Жаль Петра Рябцева, что рано погиб, а еще больше жаль, что забыли о нем.

Петр Рябцев погиб 31 июля 1941 года при взлете в момент штурмового налета большой группы самолетов "Ме-110" на наш аэродром.

Упал П. Рябцев в двухстах метрах от наблюдательного пункта штаба дивизии, в кустарник. Искали его два-три дня, и когда случайно обнаружили с воздуха, то оказалось, что самолет был перевернут, шасси не убраны (он их) очевидно, не успел убрать, в районе бронеспинки и фонаря осколочные пробоины - очевидно, он был поражен осколками в голову".
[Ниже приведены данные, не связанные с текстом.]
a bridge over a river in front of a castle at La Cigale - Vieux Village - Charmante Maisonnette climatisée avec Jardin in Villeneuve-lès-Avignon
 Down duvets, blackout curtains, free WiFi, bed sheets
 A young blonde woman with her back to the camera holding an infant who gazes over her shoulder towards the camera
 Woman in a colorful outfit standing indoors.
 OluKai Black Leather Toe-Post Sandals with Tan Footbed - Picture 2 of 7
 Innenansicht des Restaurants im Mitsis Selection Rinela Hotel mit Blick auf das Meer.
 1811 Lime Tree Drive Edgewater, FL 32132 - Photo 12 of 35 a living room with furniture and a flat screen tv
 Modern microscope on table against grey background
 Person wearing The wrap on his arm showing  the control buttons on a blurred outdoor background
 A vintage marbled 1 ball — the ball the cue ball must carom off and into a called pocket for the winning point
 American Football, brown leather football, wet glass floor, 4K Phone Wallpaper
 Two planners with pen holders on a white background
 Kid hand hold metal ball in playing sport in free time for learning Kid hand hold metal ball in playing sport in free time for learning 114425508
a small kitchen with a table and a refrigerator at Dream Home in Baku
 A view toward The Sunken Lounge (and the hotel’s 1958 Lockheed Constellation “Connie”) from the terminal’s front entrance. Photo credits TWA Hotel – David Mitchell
А вот как описывает памятный бой 22 июня 1941 года другой его участник, бывший лейтенант, а ныне полковник, Герой Советского Союза Георгий Жидов. Он описал его в своей статье на страницах "Советской авиации" 17 июля 1957 года:

"...Стояла ясная погода. Между девятью и десятью часами утра вражеские самолеты начали бомбить штаб одного нашего соединения, расположенного недалеко от аэродрома. Фашистских бомбардировщиков прикрывала группа истребителей.

Мы вылетели звеном: капитан Мажаев, лейтенанты Рябцев, Назаров и я. На высоте примерно 500 метров нам встретилась группа самолетов противника "Ме-109".